Digital Directions: At Your Service
Like manna from heaven, e-books hold forth the promise that publishing will continue to be relevant in the digital age. They represent a truly monetizable digital delivery model with demonstrated value to consumers. The debate now is not whether or not e-books will generate revenue, but how much revenue, and to what degree it will be incremental or replacement.
The classic e-book model consists of:
1. Publisher executes what is essentially a conversion process to generate the e-book, which is, to varying degrees, a representation of a print product.
2. The e-book is placed in a commerce platform (such as Amazon's Kindle Store or Google's eBookstore).
3. Consumer downloads purchased e-book to mobile device.
This model—downloading media to a playback device—is directly analogous to Apple's iTunes, and quickly grasped by the marketplace.
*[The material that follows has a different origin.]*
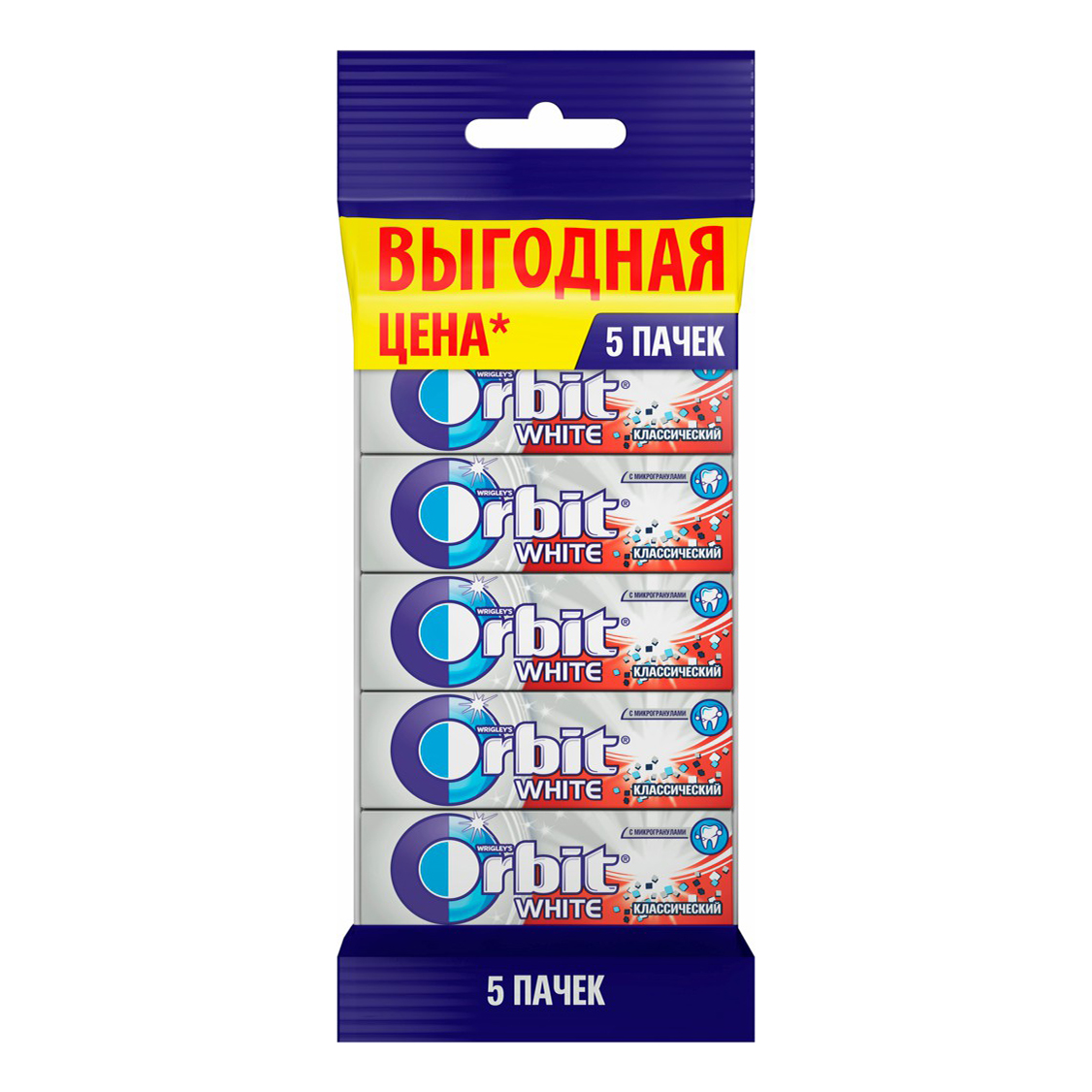 

Жевательная резинка Orbit White Классический без сахара 5*13,6 г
The familiarity of the model—along with Amazon's kick-start through its Kindle program—helped e-books gain traction in the marketplace.
Alongside all this frothy e-book excitement, strong interest exists among both publishers and consumers in a fundamentally different model: content delivery through subscription-based services.
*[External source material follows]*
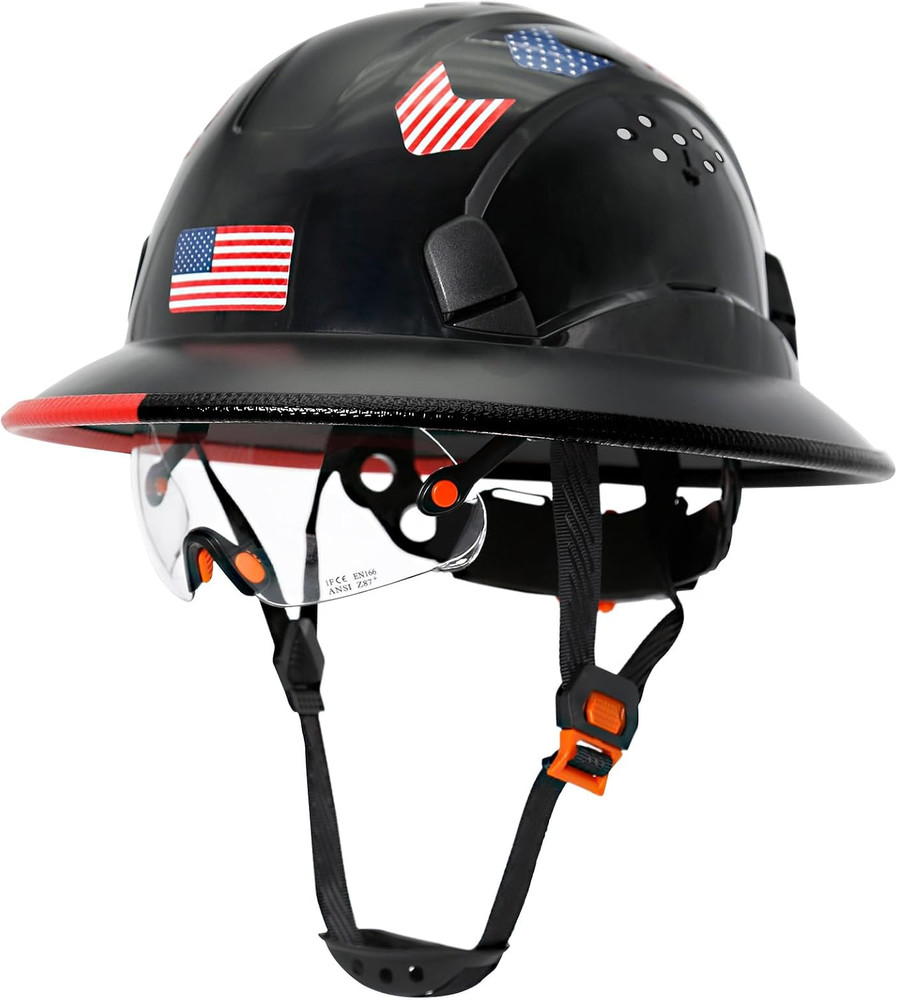 Full Brim Hard Hats Construction OSHA Approved with Clear Visor – Cascos De Cons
The subscription model consists of:
1. Publisher prepares digital content from a collection of titles and/or other assets. Often these collections represent aggregate value as a resource for research.
2. Digital collections are then placed within an online delivery environment.
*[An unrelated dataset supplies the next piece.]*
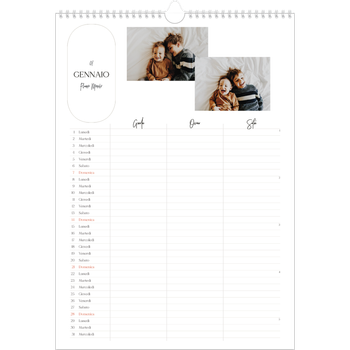 Calendario personalizzato A3 — Fare programmi - Famiglia di 3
3. Consumer purchases a subscription, giving them access to a specified set of content for a specified time period, within an application interface to help search and use the material.
4. Consumer then accesses content via browser or mobile device.
Single Versus Subscription Purchases
There are a couple of fundamental differences between the e-book and subscription models. First, digital content in the e-book model is typically downloaded from a service to a device, then read offline. In the subscription model, however, content is delivered dynamically from a server—in real time—requiring readers to remain connected.
Subscription services can generate significant value for both publishers and consumers. If appropriately executed, publishers can create new annuity revenue streams from subscriptions. One of the attractive aspects of subscription revenue is often its stability (and predictability) when compared to a typical product-revenue pattern.
For consumers, subscription access represents an offering in which the whole is greater than the sum of its parts.
Clearly, not all market segments may be appropriate for subscription delivery. Professional information—e.g., law, scientific, technical and medical (STM) or finance—is clearly a good fit, as are educational offerings that support online learning. In both cases, great value is provided through access to a wide array of information. Opportunities also may be found in family health, automotive and culinary content, to name just a few.
A number of well-known distribution partners, for years, have aggregated publisher content into databases on a subscription basis, primarily accessed through libraries. The scale of these providers' digital content is impressive. However, huge subject breadth creates other challenges: There is often a lack of focus in any specific domain or subject vertical.
Greater value seems to be generated by smaller programs that have greater focus, such as those offered by Knovel in the engineering/technical domain, or Alexander Street Press in humanities scholarship. When there is a subject-domain focus, there is a curatorial value added, more precise tagging and indexing, and a better understanding of the subscribers' goals.
Can publishers create their own subscription services and not get rolled up into an aggregator's offering? In some cases they can, if certain criteria are met. When a publisher has both a leading position in a subject domain and a critical mass of content in that domain, then the creation of a subscription-based model should be explored. The University of Chicago Press successfully launched a subscription offering based upon one title. Since that title was the "Chicago Manual of Style," the criteria were met.
Developing and supporting a subscription-based offering—whether a delivery partner is involved or not—requires the publisher to grapple with significant changes, the most fundamental of which is the shift from a company that creates products to one that also delivers content services. Publishers that successfully navigate this new terrain will discover new ways of bringing value to the content marketplace and realize the revenue this value generates. BB
Andrew Brenneman is founder of Finitiv (Finitiv.com), a consulting and services organization that develops and executes transformative digital strategy for publishers and other content organizations.